The Rule Utilitarian case for unjust advocacy fails on its own terms:

[I]t is not at all obvious that rule consequentialism favors Devil’s Advocacy, because it is far from obvious that the rule whereby defense attorneys ignore justice in the pursuit of client interests really has the best social consequences. This is commonly asserted but rarely argued for. Consider an alternative rule whereby defense attorneys pursue their clients’ interests only to the extent that they (the attorneys) believe is consistent with the requirements of justice. Why, exactly, would this be worse than the status quo?

Does this mean lawyers should never defend clients they believe to be guilty?  No.  Defending the probably-guilty is morally acceptable in two kinds of situations.

First… there are cases in which outcome A has a higher probability of being unjust than outcome B, but in which if outcome B is unjust, it is more unjust than outcome A would be. For example, if a defendant is 75% likely to be guilty, then there is a 75% probability that acquittal of that defendant would be an unjust outcome, and only a 25% probability that conviction would be unjust. However, conviction of the innocent is much more unjust than acquittal of the guilty. Because of this, it is ethically justifiable to attempt to secure acquittal for such a defendant. This point applies as long as the lawyer has reasonable doubts as to the guilt of his client.

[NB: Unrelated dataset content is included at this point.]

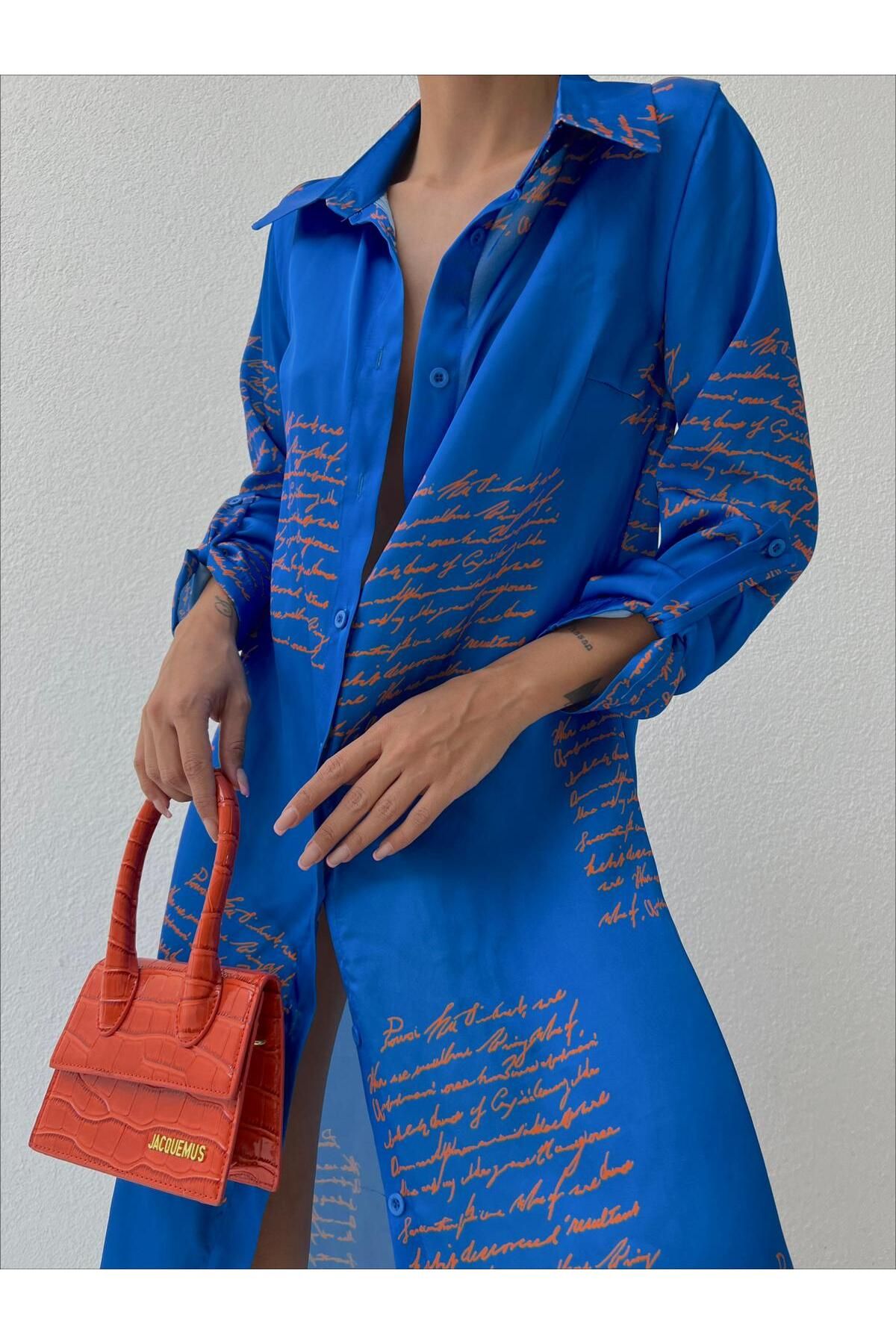 mass fashion Kadın Saten Yazı Desenli Gömlek Elbise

Second… even the guilty have rights; it is therefore ethically justifiable for a lawyer to represent a client for the purpose of protecting that client’s rights, even if he is certain the client is guilty. The lawyer may seek to prevent overpunishment or other mistreatment of the defendant. In some cases, where the expected punishment for a crime is excessive, it may be less unjust for the defendant to be acquitted than for the defendant to be convicted, even though the defendant is guilty.

Defending clients guilty of breaking unjust laws naturally falls under the second heading, since the appropriate punishment for breaking an unjust law is no punishment at all.